我想比较Scala中的两个文本并计算相似度。我有这个,但我没有成功地计算出for循环中的平均值。我是Scala新手,不知道如何在循环中完成
import org.apache.spark._
import org.apache.spark.SparkContext._
object WordCount {
def main(args: Array[String]):Unit = {
val conf = new SparkConf().setAppName("WordCount")

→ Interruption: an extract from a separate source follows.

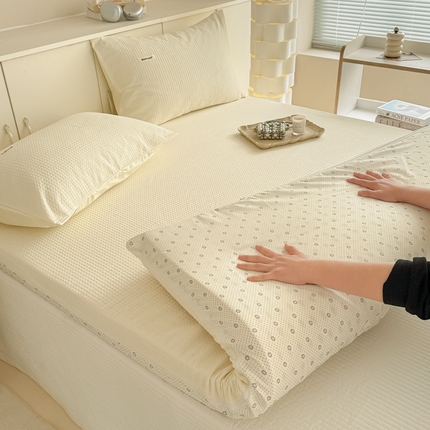 眠博士 2025新款A类学生床全棉华夫格床垫套 全棉华夫格床垫套 珍珠白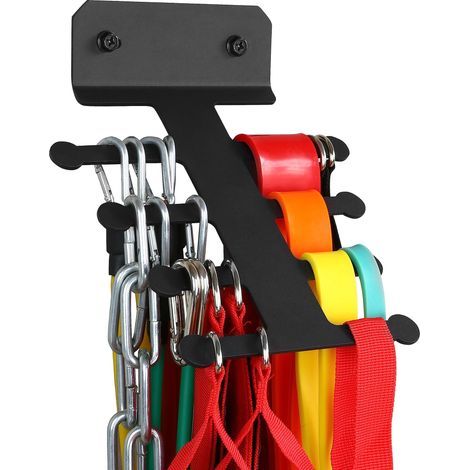 Support de rangement pour bandes de résistance pour équipement de gym, bandes de traction, corde à sauter, support de rangement pour salle de sport à domicile (1/5)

val sc = new SparkContext(conf)
val wordCounts1 = sc.textFile("/chatblanc.txt"). //The white cat is eating a white soup
flatMap(_.split("\\W+")).
map((_, 1)).
reduceByKey(_ + _)
wordCounts1.collect.foreach(println)
//Res : (is,1)
(eating,1)
(cat,1)
(white,2)
(The,1)
(soup,1)
(a,1)
print("======= End first file ========\n")
val wordCounts2 = sc.textFile("/chatnoir.txt").
//The black cat is eating a white sandwich
flatMap(_.split("\\W+")).
map((_, 1)).
reduceByKey(_ + _)
wordCounts2.collect.foreach(println)
// Res2 : (is,1)
(eating,1)
(cat,1)
(white,1)
(The,1)
(a,1)
(sandwich,1)
(black,1)
print("======= End second file ========\n")
print("======= Display similarity rate ========\n")
val result = for( (t1,t2) <- wordCounts1.cartesian(wordCounts2) if( t1._1==t2._1)) yield = (Math.min(t1._2,t2._2).toDouble/Math.max(t1._2,t2._2).toDouble)
result.collect.foreach(println)
//Res :
1.0
1.0
1.0
0.5
1.0
1.0
}
}
最后,我们想要的是将这6个值的平均值存储在一个变量中。
你能帮帮我吗?